• [Exercise brief] The reply should hold only the lines below beginning at the one with "New Mexico Form" and ending at the one with "Chậu rửa bát inox 1 hố Gorlde GD-0290 1", copied exactly, with every picture left out.

-- Supplied information follows --

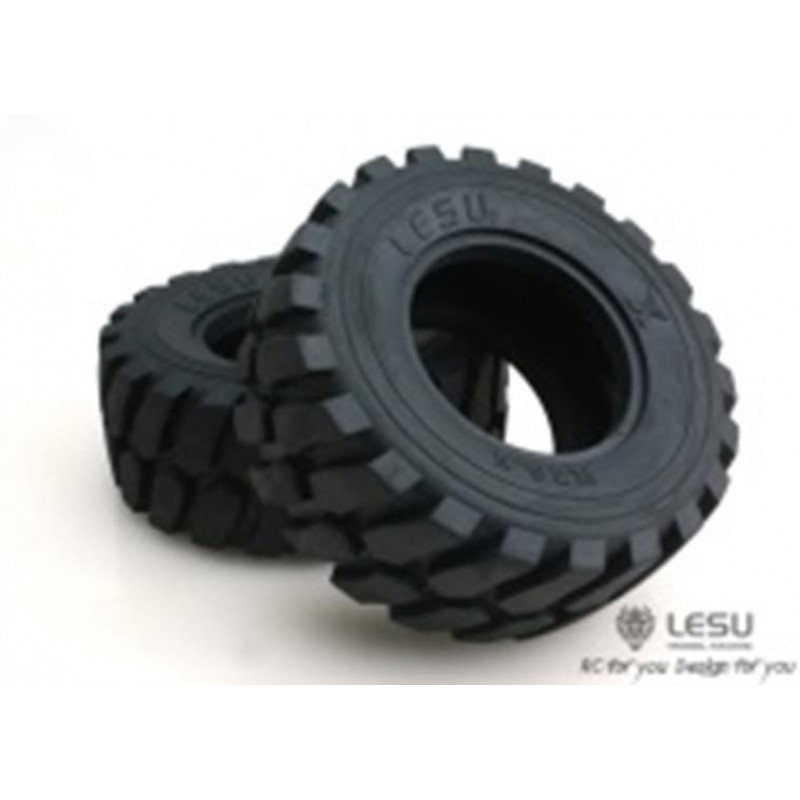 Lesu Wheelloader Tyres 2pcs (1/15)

-- Supplied information concluded --
-- Supplied information follows --

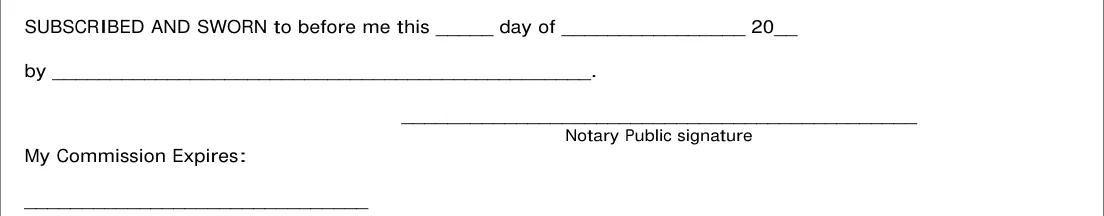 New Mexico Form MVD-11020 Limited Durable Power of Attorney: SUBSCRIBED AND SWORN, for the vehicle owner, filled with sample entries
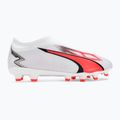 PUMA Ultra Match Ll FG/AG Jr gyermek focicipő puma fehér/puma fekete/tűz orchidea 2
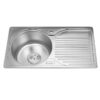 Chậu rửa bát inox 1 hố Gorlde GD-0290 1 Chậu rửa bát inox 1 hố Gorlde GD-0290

-- Supplied information concluded --
-- Supplied information follows --

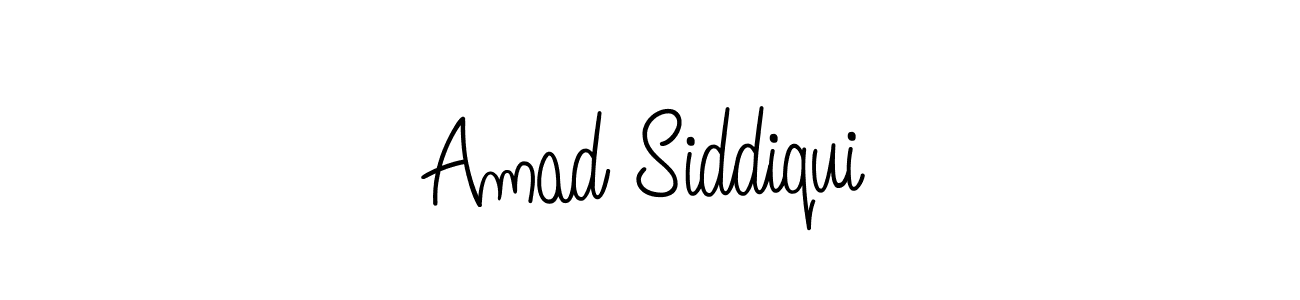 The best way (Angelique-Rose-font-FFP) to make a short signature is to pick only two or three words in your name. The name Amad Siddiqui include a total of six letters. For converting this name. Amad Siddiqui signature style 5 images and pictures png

-- Supplied information concluded --

• [Expected output]
 New Mexico Form MVD-11020 Limited Durable Power of Attorney: SUBSCRIBED AND SWORN, for the vehicle owner, filled with sample entries
 PUMA Ultra Match Ll FG/AG Jr gyermek focicipő puma fehér/puma fekete/tűz orchidea 2
 Chậu rửa bát inox 1 hố Gorlde GD-0290 1 Chậu rửa bát inox 1 hố Gorlde GD-0290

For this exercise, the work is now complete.